------ TASK MATERIAL ------

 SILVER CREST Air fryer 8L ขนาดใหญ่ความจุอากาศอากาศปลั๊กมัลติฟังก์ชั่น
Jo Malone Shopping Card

------
------ TASK MATERIAL ------

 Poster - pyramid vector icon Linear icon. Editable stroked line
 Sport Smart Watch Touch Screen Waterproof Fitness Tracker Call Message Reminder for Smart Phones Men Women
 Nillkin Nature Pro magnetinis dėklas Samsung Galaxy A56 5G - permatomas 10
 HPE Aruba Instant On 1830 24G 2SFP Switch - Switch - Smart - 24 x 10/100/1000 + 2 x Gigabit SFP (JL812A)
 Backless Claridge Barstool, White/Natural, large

------
------ TASK MATERIAL ------

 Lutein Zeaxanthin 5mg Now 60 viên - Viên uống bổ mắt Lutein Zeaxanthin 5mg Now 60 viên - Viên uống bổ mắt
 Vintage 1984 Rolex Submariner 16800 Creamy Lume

------

> TO DO
Above are the records; copy exactly the lines from the line with "Poster - pyramid" through the line with "Backless Claridge Barstool, White/Natural, large", both included.

> OUTPUT FOR THIS EXERCISE
 Poster - pyramid vector icon Linear icon. Editable stroked line
 Sport Smart Watch Touch Screen Waterproof Fitness Tracker Call Message Reminder for Smart Phones Men Women
 Nillkin Nature Pro magnetinis dėklas Samsung Galaxy A56 5G - permatomas 10
 HPE Aruba Instant On 1830 24G 2SFP Switch - Switch - Smart - 24 x 10/100/1000 + 2 x Gigabit SFP (JL812A)
 Backless Claridge Barstool, White/Natural, large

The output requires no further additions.